* **What you have to do**:
From the first line to the last, repeat the data exactly and drop the pictures.

* **Dataset entries**:
Segment Open

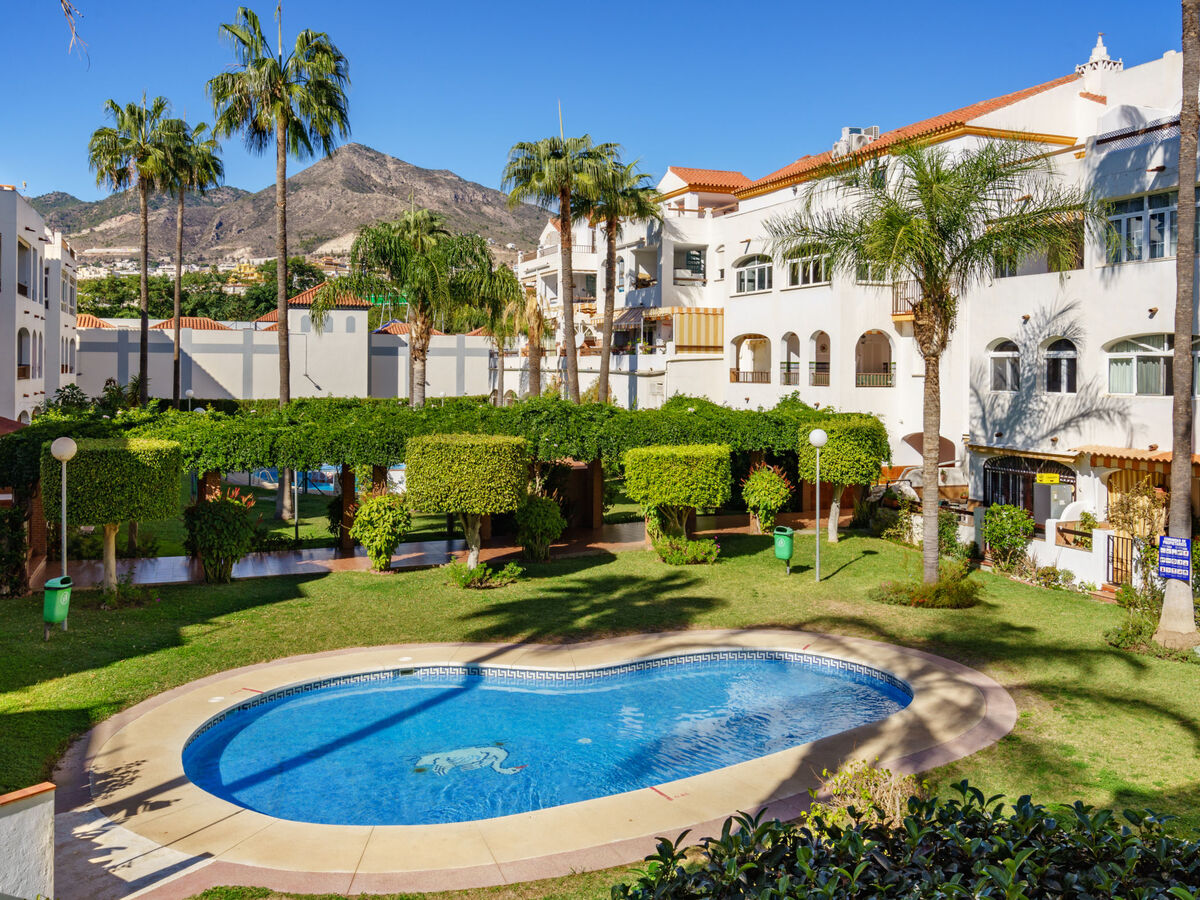 Appartement Los Nadales à Benalmádena, terrasse vue piscine - Photo 38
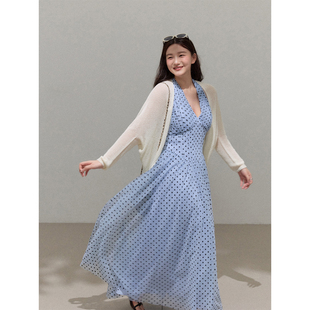 潘不卷大码女装微胖法式蓝色波点海边度假挂脖吊带连衣裙长裙春季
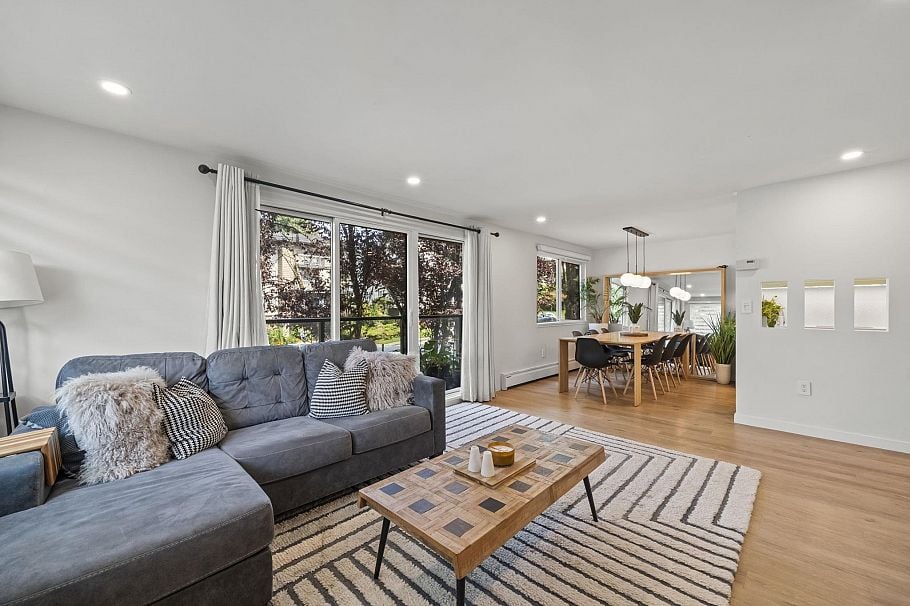 206 327 W 2nd Street North Vancouver, BC - 2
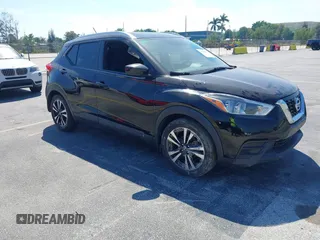 2019 Nissan Kicks SV z VIN 3N1CP5CU7KL543620, wystawiony jako IAAI lot #41860628 z przebiegiem 92 215 mil mil oraz . Historia ofert i sprzedaży dostępna na DreamBid. Obrazek 1.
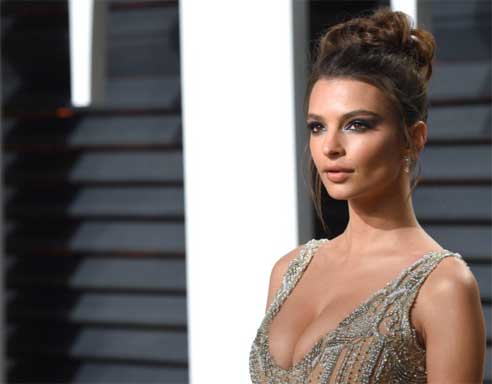 Emily Ratajkowski attracts attention with her large breasts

Segment Closed

* **The answer**:
 Appartement Los Nadales à Benalmádena, terrasse vue piscine - Photo 38
 潘不卷大码女装微胖法式蓝色波点海边度假挂脖吊带连衣裙长裙春季
 206 327 W 2nd Street North Vancouver, BC - 2
 2019 Nissan Kicks SV z VIN 3N1CP5CU7KL543620, wystawiony jako IAAI lot #41860628 z przebiegiem 92 215 mil mil oraz . Historia ofert i sprzedaży dostępna na DreamBid. Obrazek 1.
 Emily Ratajkowski attracts attention with her large breasts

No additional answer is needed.